Nell’intervista Meloni si concentra innanzitutto su tre elementi. Il primo, il supporto agli anziani, i più colpiti dall’alta mortalità: “A me non ha mai risposto nessuno alle proposte che ho avanzato, e torno a chiedere perché nessuno ha messo in sicurezza gli anziani”. La proposta riguarderebbe l’organizzazione di un sistema di assistenza domiciliare per gli anziani, in modo da evitare che si espongano al rischio di contagio uscendo di casa. La seconda proposta riguarda una delineazione di un protocollo più specifico per gli asintomatici e pauci-sintomatici. “Perché manca un protocollo di informazione dei medici di base per i pauci-sintomatici?”. Queste persone al momento si trovano costrette all’auto-isolamento, ma senza indicazioni precise sugli step da seguire. “Così la gente va nel panico”. Poi la richiesta di una maggiore trasparenza per quanto riguarda la diffusione dei dati sul contagio da coronavirus: “C’è stata sempre una cortina di fumo attorno ai dati” sulla diffusione del virus “e non capisco come mai quello che gli esperti dicono al governo non possa essere a disposizione di tutti. Avere più informazioni possibili è fondamentale”.
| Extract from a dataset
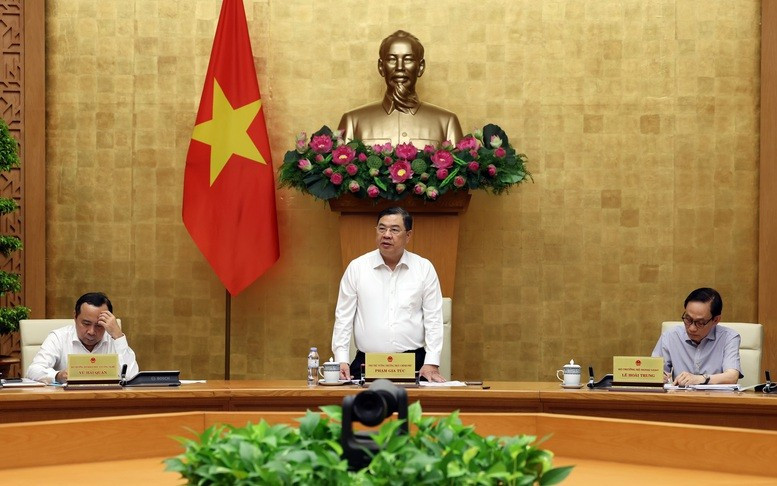 Phó Thủ tướng Thường trực nêu rõ, Năm APEC 2027 được lãnh đạo Đảng, Nhà nước và Chính phủ xác định là cơ hội chiến lược để triển khai hiệu quả đường lối đối ngoại Đại hội 14 của Đảng, nhằm nâng cao vị thế, uy tín quốc tế của đất nước - Ảnh: VGP Phó Thủ tướng Thường trực nêu rõ, Năm APEC 2027 được lãnh đạo Đảng, Nhà nước và Chính phủ xác định là cơ hội chiến lược để triển khai hiệu quả đường lối đối ngoại Đại hội 14 của Đảng, nhằm nâng cao vị thế, uy tín quốc tế của đất nước - Ảnh: VGP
Giorgia Meloni e Joe Biden
Infine, un’ultima nota sulle elezioni presidenziali americane. Secondo Giorgia Meloni, prima di congratularsi con Biden, sarebbe necessario aspettare il verdetto della Corte Suprema sui ricorsi di Trump. E questo nonostante Biden sia considerato il nuovo presidente Usa anche dalle Cancellerie europee. Ma su questo Meloni commenta: “Ci sono primi ministri europei che hanno piacere che sia questo l’epilogo. Io dico che quando la Corte Suprema dirà chi è il vincitore, saremo fieri di fargli gli auguri”. Un’attesa che, sicuramente, rispecchia la sua simpatia per Trump e non una particolare apprensione per l’esattezza del conteggio: “Credo che per l’interesse nazionale sarebbe stata meglio la vittoria di Trump. Ricordo i danni inenarrabili della dottrina Obama-Clinton che ci siamo trovati in casa, con immigrazione e fondamentalismo. Dopo di che aspettiamo la proclamazione”.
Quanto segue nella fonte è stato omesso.